Menteri ATR/BPN Beri Atensi Kasus Tanah Manggala

  • Bagikan
IST

Dalam kesempatan yang sama, Inspektur Jenderal Kementerian Agraria dan Tata Ruang/Badan Pertanahan Nasional (Irjen ATR/BPN), Sunraizal menegaskan kepada Mukhtar Tompo bahwa Tanah Manggala jadi prioritas utama untuk diselesaikan. “Kasihan, ini sudah lama sekali, mumpung kita dapat Presiden dan menteri yang peduli, jadi ini kesempatan sangat bagus, karena secara hukum semua sudah clear. Kita percepat apalagi ada YAPENA turut mengawal seperti pernyataan pak menteri,” beber Sunraizal.

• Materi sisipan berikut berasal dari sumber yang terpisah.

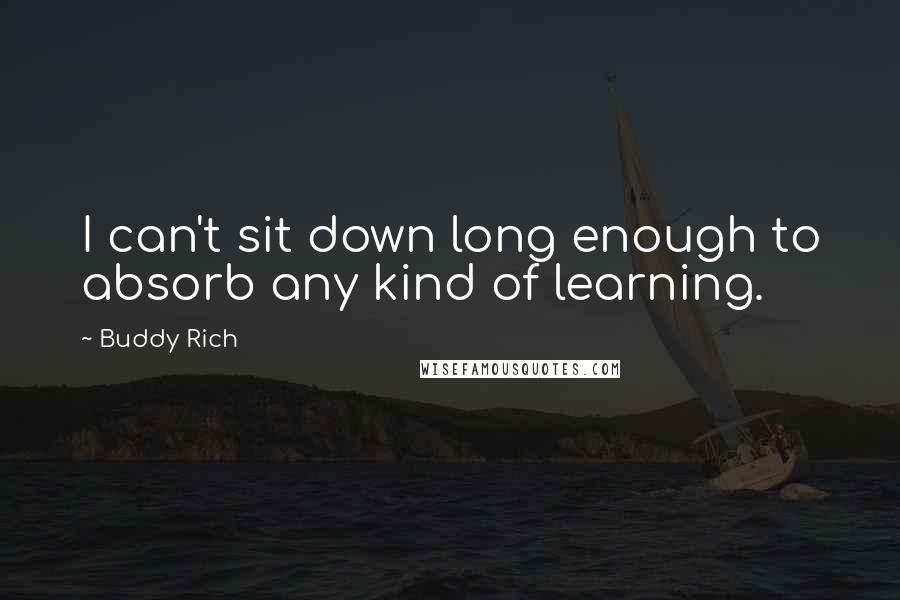 Buddy Rich Quotes: I can't sit down long enough to absorb any kind of learning.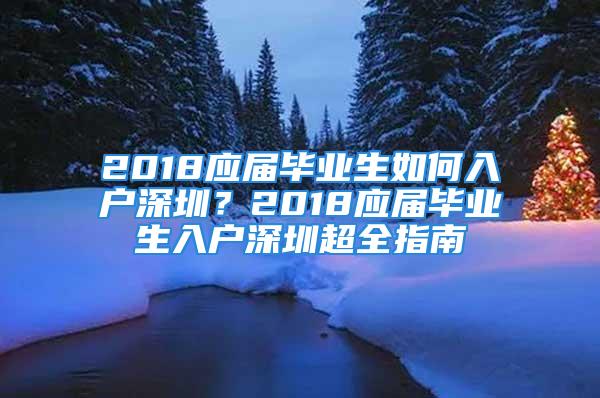 2018应届毕业生如何入户深圳？2018应届毕业生入户深圳超全指南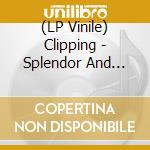 (LP Vinile) Clipping - Splendor And Misery vinile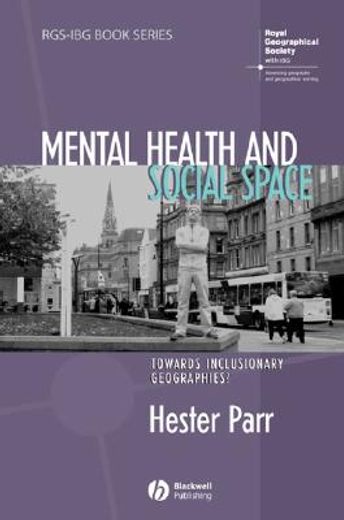mental health and social space,towards inclusionary geographies?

Ketua YAPENA Ahmed Kurnia sendiri telah terbang langsung ke Makassar dan mendatangi objek tanah Manggala pada Senin 15 Agustus. Ia mengitari seluruh titik lokasi yang secara administratif seluas 55,7674 hektare sesuai putusan hukum yang telah inkraht di Mahkamah Agung. Ditemani masyarakat di lokasi, Ahmed Kurnia mendokumentasikan dan mendapatkan puluhan pernyataan tertulis yang telah ditandatangani diatas materai.

“Persis apa yang disampaikan Pak Tompo dalam beberapa kali pertemuan di Jakarta, di atas tanah milik H.Fachruddin Daeng Romo ini ada rumah-rumah lama dan ada bangunan baru yang terkesan dipaksakan dibangun padahal telah ada surat blokir dari menteri ATR/BPN," kata Ahmed.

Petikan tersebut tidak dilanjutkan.